Task description:
Write out exactly, excluding pictures, the lines from the one containing "In this video, we'll" through the end of the data, both included.

Data excerpt:

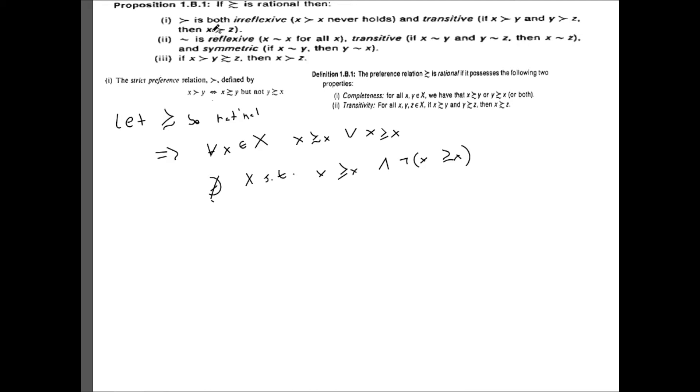So what we just showed is that the strict preference relation is irreflexive. Now we want to show that the strict preference relation is transitive. Assume that our weak preference relation is rational, and let x be strictly preferred to y and y strictly preferred to z. We want to show that x is strictly preferred to z. By the definition of the strict preference relation and the transitivity of the weak preference relation, this gives us that x is weakly preferred to z.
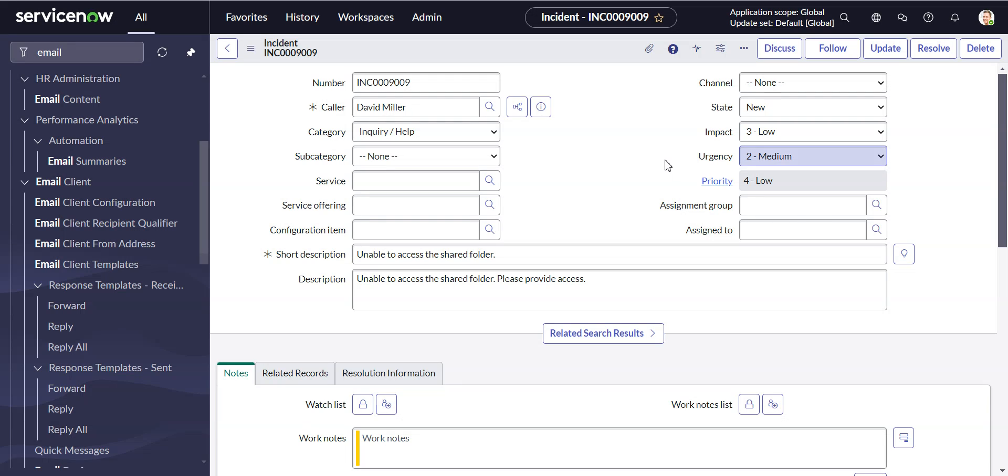In this video, we'll look at changing the ReplyTo, the default ReplyTo field in a ServiceNow Email Client template.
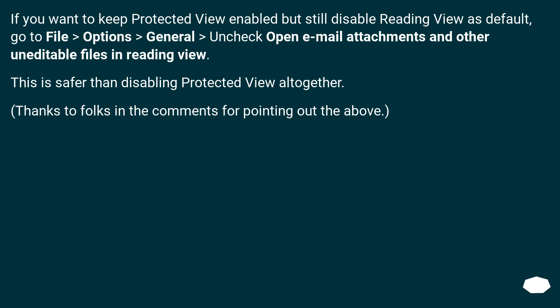If you want to keep Protected View enabled but still disable Reading View as default, go to File > Options > General > uncheck Open Email Attachments and Other Uneditable Files in Reading View. This is safer than disabling Protected View altogether. Thanks to folks in the comments for pointing out the above.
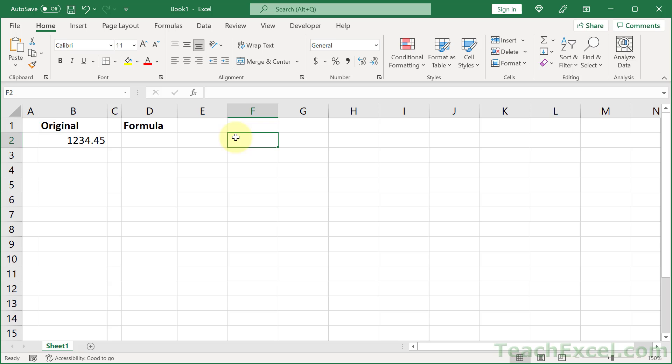Here I'm going to show you an easy trick for getting the custom number formatting codes for Excel.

Result for this exercise:
In this video, we'll look at changing the ReplyTo, the default ReplyTo field in a ServiceNow Email Client template.
If you want to keep Protected View enabled but still disable Reading View as default, go to File > Options > General > uncheck Open Email Attachments and Other Uneditable Files in Reading View. This is safer than disabling Protected View altogether. Thanks to folks in the comments for pointing out the above.
Here I'm going to show you an easy trick for getting the custom number formatting codes for Excel.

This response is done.